Un hombre y una abuela

Drama, romance, Francia, 2013, 94 min. Dirección: Marion Vernoux. Intérpretes: Fanny Ardant, Laurent Lafitte, Patrick Chesnais, Jean-François Stévenin, Fanny Cottençon. Música: Quentin Sirjacq. Fotografía: Nicolas Gaurin. Montaje: Benoît Quinon. Dirección artística: Yann Dury.

Desde los años 60 el cine francés viene contando la misma historia de amores y desamores, playas y almuerzos interminables, quesos y vinos. Este cine de amores y desamores tratados con una cierta desenvoltura e informalidad cotidiana, que a la vez da una cierta irritante trascendencia a lo intrascendente, fue la marca de Lelouch, tal vez el representante primero de esta nueva consideración del amor en el cine francés que poco tiene que ver con la densidad dramática, poética y desgarrada de las pasiones en blanco y negro del cine galo de entre los años 30 y 50 o de los más románticos de entre los directores de la Nueva Ola.

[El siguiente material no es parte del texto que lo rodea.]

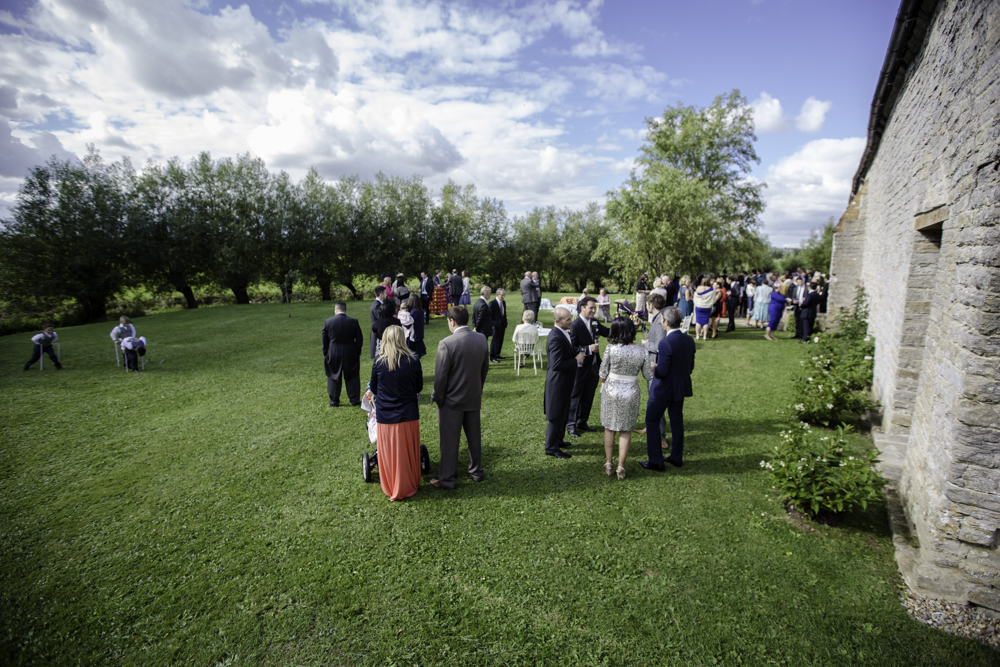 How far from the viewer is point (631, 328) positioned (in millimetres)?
4820

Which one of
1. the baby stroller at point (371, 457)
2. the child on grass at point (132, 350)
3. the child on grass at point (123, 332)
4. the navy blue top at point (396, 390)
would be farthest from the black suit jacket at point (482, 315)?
the child on grass at point (123, 332)

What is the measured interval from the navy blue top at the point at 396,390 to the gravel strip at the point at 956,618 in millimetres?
4498

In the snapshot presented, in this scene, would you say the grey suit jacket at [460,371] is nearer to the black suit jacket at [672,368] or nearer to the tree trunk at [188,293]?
the black suit jacket at [672,368]

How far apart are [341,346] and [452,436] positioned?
3.57 meters

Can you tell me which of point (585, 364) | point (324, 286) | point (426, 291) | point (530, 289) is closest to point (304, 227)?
point (324, 286)

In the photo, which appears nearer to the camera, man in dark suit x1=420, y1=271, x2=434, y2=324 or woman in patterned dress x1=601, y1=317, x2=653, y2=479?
woman in patterned dress x1=601, y1=317, x2=653, y2=479

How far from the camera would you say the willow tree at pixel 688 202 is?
20188 mm

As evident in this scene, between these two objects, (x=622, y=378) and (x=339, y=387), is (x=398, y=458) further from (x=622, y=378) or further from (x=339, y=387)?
(x=339, y=387)

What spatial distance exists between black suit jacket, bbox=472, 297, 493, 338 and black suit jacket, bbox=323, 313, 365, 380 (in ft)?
8.65

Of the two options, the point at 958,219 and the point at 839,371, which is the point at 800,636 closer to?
the point at 958,219

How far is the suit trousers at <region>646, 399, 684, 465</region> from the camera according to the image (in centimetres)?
524

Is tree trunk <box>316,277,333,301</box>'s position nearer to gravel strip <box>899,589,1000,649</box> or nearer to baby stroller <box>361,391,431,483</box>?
baby stroller <box>361,391,431,483</box>

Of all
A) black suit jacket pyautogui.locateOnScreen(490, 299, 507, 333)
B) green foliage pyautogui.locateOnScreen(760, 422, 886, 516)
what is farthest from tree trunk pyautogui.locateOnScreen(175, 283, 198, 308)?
green foliage pyautogui.locateOnScreen(760, 422, 886, 516)

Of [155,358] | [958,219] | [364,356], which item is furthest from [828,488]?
[155,358] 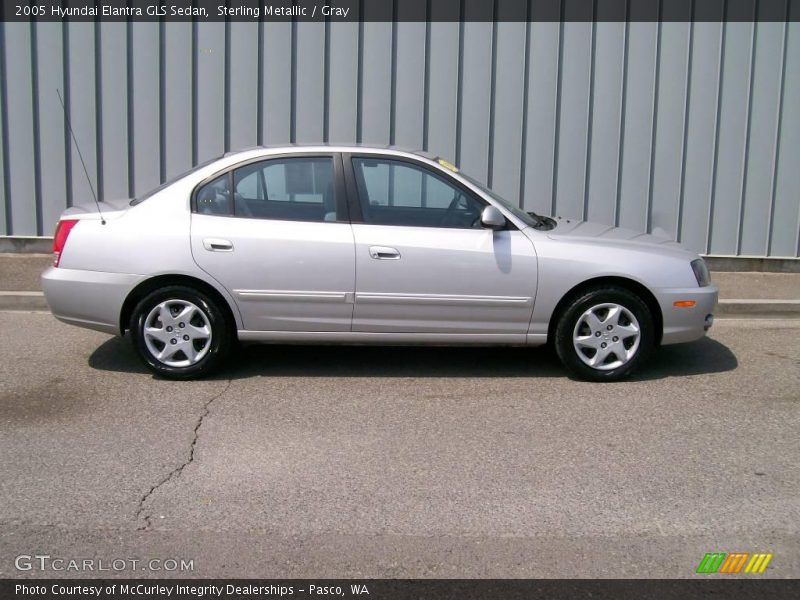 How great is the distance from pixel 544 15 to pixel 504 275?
4.55 meters

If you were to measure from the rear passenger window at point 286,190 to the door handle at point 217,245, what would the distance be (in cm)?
25

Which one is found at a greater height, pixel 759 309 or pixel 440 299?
pixel 440 299

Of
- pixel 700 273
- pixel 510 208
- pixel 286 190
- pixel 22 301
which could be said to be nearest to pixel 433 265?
pixel 510 208

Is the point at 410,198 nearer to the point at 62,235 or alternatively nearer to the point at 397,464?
the point at 397,464

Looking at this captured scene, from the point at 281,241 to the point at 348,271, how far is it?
49 cm

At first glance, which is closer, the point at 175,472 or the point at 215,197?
the point at 175,472

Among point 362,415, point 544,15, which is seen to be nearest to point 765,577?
point 362,415

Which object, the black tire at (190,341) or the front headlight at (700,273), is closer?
the black tire at (190,341)

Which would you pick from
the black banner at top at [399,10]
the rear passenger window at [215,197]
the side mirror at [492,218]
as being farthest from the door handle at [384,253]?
the black banner at top at [399,10]

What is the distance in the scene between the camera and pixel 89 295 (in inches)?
235

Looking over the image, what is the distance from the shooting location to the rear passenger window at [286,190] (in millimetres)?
6031

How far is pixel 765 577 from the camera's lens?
359 cm

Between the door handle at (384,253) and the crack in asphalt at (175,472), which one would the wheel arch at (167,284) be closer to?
the crack in asphalt at (175,472)

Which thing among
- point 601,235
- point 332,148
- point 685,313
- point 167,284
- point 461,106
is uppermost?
point 461,106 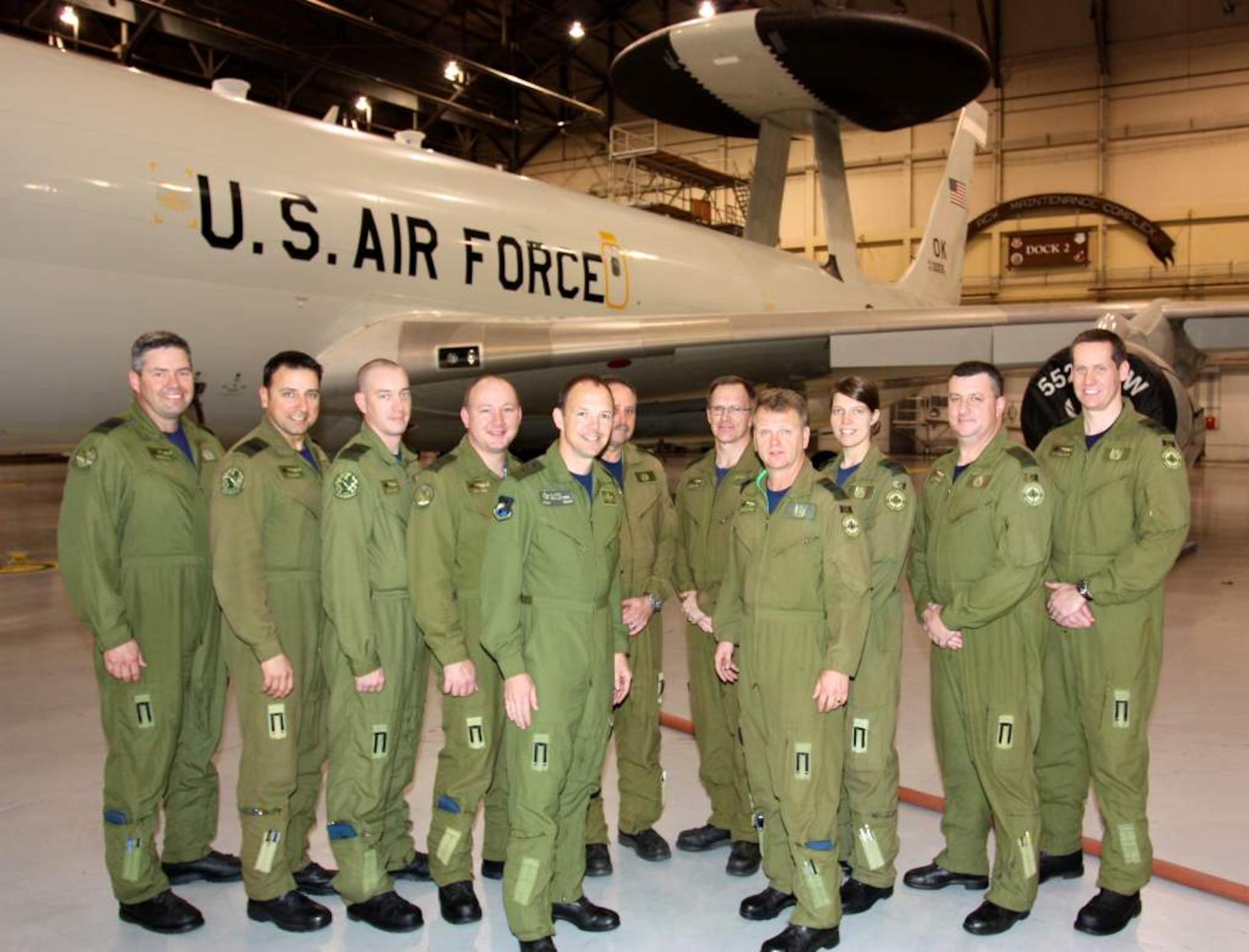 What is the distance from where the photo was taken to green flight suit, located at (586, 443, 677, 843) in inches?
130

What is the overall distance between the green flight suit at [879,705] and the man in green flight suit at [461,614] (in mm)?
1027

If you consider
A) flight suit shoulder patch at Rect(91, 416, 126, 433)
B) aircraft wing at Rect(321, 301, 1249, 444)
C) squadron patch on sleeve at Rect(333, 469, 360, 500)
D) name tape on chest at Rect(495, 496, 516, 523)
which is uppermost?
aircraft wing at Rect(321, 301, 1249, 444)

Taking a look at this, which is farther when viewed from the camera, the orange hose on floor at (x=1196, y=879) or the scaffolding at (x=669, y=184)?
the scaffolding at (x=669, y=184)

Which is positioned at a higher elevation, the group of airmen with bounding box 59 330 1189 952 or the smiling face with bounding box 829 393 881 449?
the smiling face with bounding box 829 393 881 449

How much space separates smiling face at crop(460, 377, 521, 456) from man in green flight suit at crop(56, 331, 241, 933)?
842mm

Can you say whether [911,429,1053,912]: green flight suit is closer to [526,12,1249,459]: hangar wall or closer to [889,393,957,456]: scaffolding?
[889,393,957,456]: scaffolding

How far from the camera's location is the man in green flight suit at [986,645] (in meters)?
2.74

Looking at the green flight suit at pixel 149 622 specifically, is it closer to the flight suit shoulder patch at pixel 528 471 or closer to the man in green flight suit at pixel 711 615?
the flight suit shoulder patch at pixel 528 471

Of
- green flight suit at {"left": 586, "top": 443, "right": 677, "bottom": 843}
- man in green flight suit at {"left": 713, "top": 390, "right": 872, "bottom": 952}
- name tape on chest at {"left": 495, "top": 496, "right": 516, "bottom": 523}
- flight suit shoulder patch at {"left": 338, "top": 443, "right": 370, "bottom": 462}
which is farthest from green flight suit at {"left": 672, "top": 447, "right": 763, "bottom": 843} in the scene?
flight suit shoulder patch at {"left": 338, "top": 443, "right": 370, "bottom": 462}

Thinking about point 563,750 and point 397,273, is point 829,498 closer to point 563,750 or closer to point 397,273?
point 563,750

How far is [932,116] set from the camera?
12.4 m

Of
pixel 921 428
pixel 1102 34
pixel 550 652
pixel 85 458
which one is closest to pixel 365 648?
pixel 550 652

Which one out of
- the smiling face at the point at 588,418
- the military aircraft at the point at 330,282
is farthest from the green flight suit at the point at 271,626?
the military aircraft at the point at 330,282

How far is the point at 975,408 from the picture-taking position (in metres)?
2.90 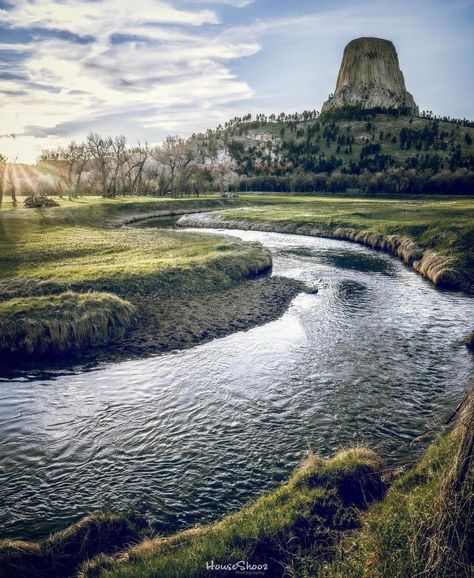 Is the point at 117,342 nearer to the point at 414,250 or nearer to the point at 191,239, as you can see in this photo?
the point at 191,239

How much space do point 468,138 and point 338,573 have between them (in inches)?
8146

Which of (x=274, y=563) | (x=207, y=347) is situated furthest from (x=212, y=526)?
(x=207, y=347)

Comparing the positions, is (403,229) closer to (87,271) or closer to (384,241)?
(384,241)

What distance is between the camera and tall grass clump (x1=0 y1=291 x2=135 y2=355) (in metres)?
21.9

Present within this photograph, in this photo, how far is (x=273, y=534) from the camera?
30.5ft

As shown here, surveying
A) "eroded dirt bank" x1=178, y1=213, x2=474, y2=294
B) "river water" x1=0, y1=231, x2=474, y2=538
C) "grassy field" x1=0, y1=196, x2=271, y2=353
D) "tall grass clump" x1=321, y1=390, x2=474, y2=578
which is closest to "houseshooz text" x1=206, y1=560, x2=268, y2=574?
"tall grass clump" x1=321, y1=390, x2=474, y2=578

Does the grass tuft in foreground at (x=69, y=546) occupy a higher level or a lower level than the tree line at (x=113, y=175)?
lower

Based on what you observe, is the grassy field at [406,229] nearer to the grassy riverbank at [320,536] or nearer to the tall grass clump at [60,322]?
the tall grass clump at [60,322]

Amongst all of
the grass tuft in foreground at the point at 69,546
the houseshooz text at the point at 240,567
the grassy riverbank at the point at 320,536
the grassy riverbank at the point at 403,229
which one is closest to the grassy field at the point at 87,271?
the grass tuft in foreground at the point at 69,546

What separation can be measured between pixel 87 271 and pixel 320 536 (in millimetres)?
26197

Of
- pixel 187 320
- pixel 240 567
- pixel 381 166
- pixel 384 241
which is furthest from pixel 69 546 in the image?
pixel 381 166

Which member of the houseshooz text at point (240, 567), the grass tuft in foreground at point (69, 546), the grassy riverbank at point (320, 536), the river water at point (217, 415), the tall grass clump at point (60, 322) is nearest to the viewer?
the grassy riverbank at point (320, 536)

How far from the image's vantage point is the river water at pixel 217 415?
11805 millimetres

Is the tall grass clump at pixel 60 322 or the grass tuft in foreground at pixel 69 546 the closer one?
the grass tuft in foreground at pixel 69 546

Ni El muelle de las brumas ni Jules et Jim. Aquí de lo que se trata es de lo que, programáticamente, cantaba la espléndida canción que Francis Lai compuso para la película pionera de Lelouch: Un homme, une femme, ont forgé la trame du hasard.

En este caso la historia es otoñal. Lo mismo da que da lo mismo porque el tratamiento suele ser parecido ya se trate de adolescentes, jóvenes o abueletes. Caroline (Fanny Ardant) se ha jubilado y, visto a qué se dedican los jubilados en el centro para mayores que visita, decide que lo mejor es darle alegría a su cuerpo y liarse con el profesor de informática, lógicamente mucho más joven que ella. Hay que reconocer que la mujer le saca el mejor partido posible a los tantas veces sosos y aburridos ejercicios gimnásticos, cursos de informática o de cerámica a los que se dedican sus más cascados compañeros.

El inicio del romance es de manual de cine francés: comida juntos, paseo al borde del mar, lluvia, refugio en el coche todos mojaditos y besuqueo con música de piano. Como estamos en 2013 y no en los 60, nada de elipsis. Y entre uno y otro encuentro, paseíto por la playa… ¡con una canción de fondo!

La Ardant pone caras de ilusión o de sufrimiento, de encanto o decepción, muy al estilo de la Annie Giradot en Morir de amor, en su día exitoso melodrama de amores entre una profesora madurita y un alumno aventajado con final trágico. En este caso hay final feliz. Sobre todo para el desdichado marido.